8See,12 O.S. 1991 Okla.Sup.Ct.R. 1.178(a)(3). In Bi-Lo Food Warehouse v. McCause, 1992 CIV APP OK, 836 P.2d 689, the Court of Civil Appeals affirmed the trial court's admission of an untimely medical report. Subsequently, in at least four non-published opinions, the Court of Civil Appeals has espoused differing views on how to treat untimely filed medical reports. In Redshirt v. Express Personnel, No. 90,335, promulgated April 10, 1998, an untimely medical report was allowed into evidence without a specific finding of good cause because the trial judge offered the claimant the opportunity to depose the doctor and offered to continue the proceeding. In Bodien v. Goldies, No. 90,127 promulgated March 3, 1998, an untimely medical report was allowed into evidence because the record revealed that there was no surprise or trickery and the trial judge was willing to allow the claimant the full twenty days to access the medical report and depose the witness, but the claimant declined. However, in Hughes v. Cole, No. 88, 973, promulgated June 17, 1997, and Bolding v. Homeland, No. 90,347, promulgated May 5, 1998, the Courts of Civil Appeals both followed the general rule that Rule 19 was mandatory and unambiguous and without conducting a hearing and making an express finding to depart from the rule, untimely filed medical reports would not be admitted into evidence.

9LaBarge v. Zebco, 1988 OK 147, ¶7, 769 P.2d 125, 128; Perlinger v. J.C. Rogers Constr. Co., 1988 OK 33, ¶7, 753 P.2d 905, 907.

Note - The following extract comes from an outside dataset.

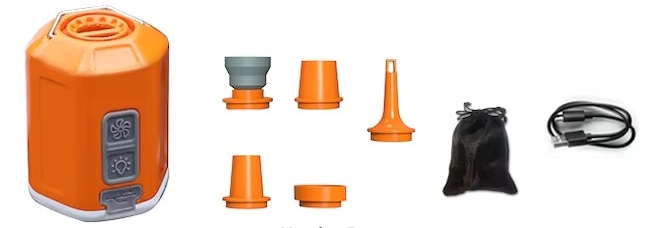 Mini pumpa 220l/min pro nafukování různých předmětů, ruční svítilna s vestavnou baterií 1300 mAh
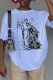 White Casual Street Print Patchwork O Neck T-Shirts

10But see, Yuba Heat Fransfer v. Wilson, 1977 OK 251, ¶14, 565 P.2d 674, 676, in which, prior to our decision in Gaines, we held that a trial court did not abuse its discretion and properly excluded medical reports on the ground that they were not timely filed with the court.

11See, 85 O.S. Supp. 1990, Ch. 4, App. Rule 19.

12Title 85 O.S. 1991 Ch.4, App. Rule 19, see note 2, supra.

13Although the claimant made no argument at trial that she would be prejudiced by admitting the medical report, see footnote 3, supra, she relies on Howland v. Douglas Aircraft Co., 1968 OK 9, 438 P.2d 5 in support of her argument on appeal that admitting the medical report under the facts presented would be prejudicial error. We find that Howland is distinguishable from the present case on its facts. In Howland, the report was filed on the same day that the trial judge entered an order denying compensation.

14Ed Wright Constr. Co. v. McKey, note 7, supra.

15Title 85 O.S. 1991 Ch.4, App. Rule 19, see note 2, supra.

[995 P.2d 1077]
OPALA, J., with whom LAVENDER, J., joins, dissenting.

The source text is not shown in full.